But my comment is about clear wording. To repeat: "This problem is impossible" is a meaningless phrase. "It is impossible to solve this problem" expresses the impossibility of solution clearly. In this case it is not the problem that is impossible; it is its solution.Daqu (talk) 22:44, 13 December 2012 (UTC)[reply]

Yes, the issue exists. The question is what to do about it.

If we're going to paraphrase Hilbert's "proof of impossibility" comment in any intelligent way, beyond just quoting it, we need to understand what he meant. On its face, it seems to contradict the rest of what he said. --Trovatore (talk) 22:52, 13 December 2012 (UTC)[reply]

The sentence really is nonsensical; according to all of the historical information provided by Wvbailey, I think we should just state Hilbert's 1st idea, and hilbert's 2nd idea. Like this: T *In a Paris 1900 speech, Hilbert said that every mathematical problem must have a solution.

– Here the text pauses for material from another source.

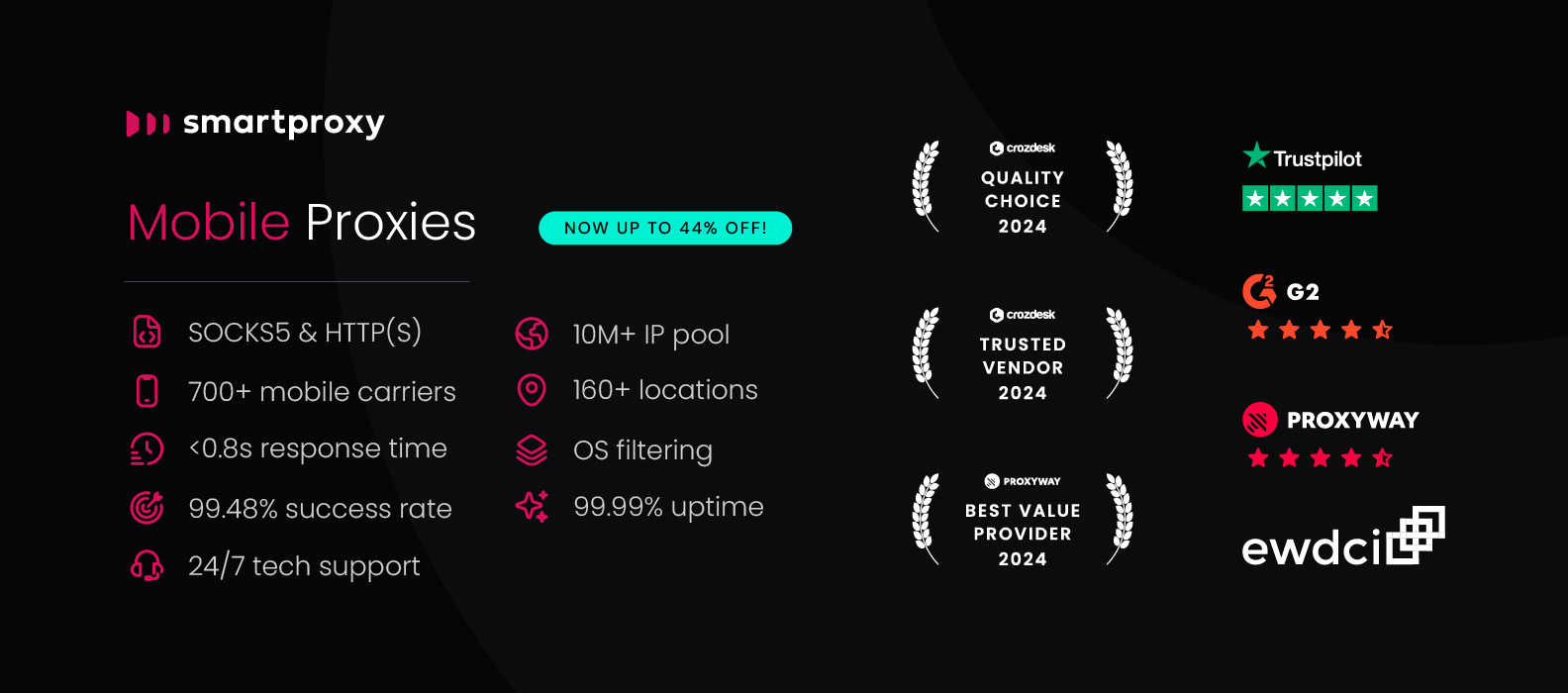 Top 11 Mobile Proxy Providers for 2024: Best in 5G, 4G, 3G, and LTE Services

For a problem like "Is this preposition true?", the answer "we cannot determine whether it is true or false, and here is why" is a valid solution, the same as "yes" or "no" could be valid solutions.* Qsimanelix (talk) 13:55, 15 July 2021 (UTC)[reply]

Hilbert's fourth problem[edit]

I think it is misleading simply to say, as the article does, that the problem is "too vague" and to leave it at that. Although the problem does have various interpretations, the primary one is surely the one given by Hilbert himself.

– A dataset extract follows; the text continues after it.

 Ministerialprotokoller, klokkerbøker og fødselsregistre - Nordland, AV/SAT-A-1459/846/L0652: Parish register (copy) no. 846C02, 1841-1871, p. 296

We are asking then, for a geometry in which all the axioms of ordinary Euclidean geometry hold, and in particular all the congruence axioms except the one of the congruence of triangles (or all except the theorem of the equality of the base angles in the isosceles triangle), and in which, besides, the proposition that in every triangle the sum of two sides is greater than the third is assumed as a particular axiom.[2]

In fact, in 1973 Pogorelov gave a complete characterization of such geometries in dimensions 2 and 3. Busemann confirmed that the method can be extended to all dimensions. Although the information that it is "too vague" is properly sourced to Gray's summary of the status of the Hilbert problems, my impression on reading [3] and [4] is that, in the primary sense intended by Hilbert, as understood by specialists, the problem has been solved to the extent that it can ever be. The idea that the problem is too vague is most likely related to the following situation, as described by Busemann:

The fourth problem concerns the geometries in which the ordinary lines, i.e. lines of an n-dimensional (real) projective space Pn or pieces of them, are the shortest curves or geodesics. Speciﬁcally, Hilbert asks for the construction of these metrics and the study of the individual geometries. It is clear from Hilbert’s comments that he was not aware of the immense number of these metrics, so that the second part of the problem is not at all well posed and has inevitably been replaced by the investigation of special, or special classes of, interesting geometries.[5]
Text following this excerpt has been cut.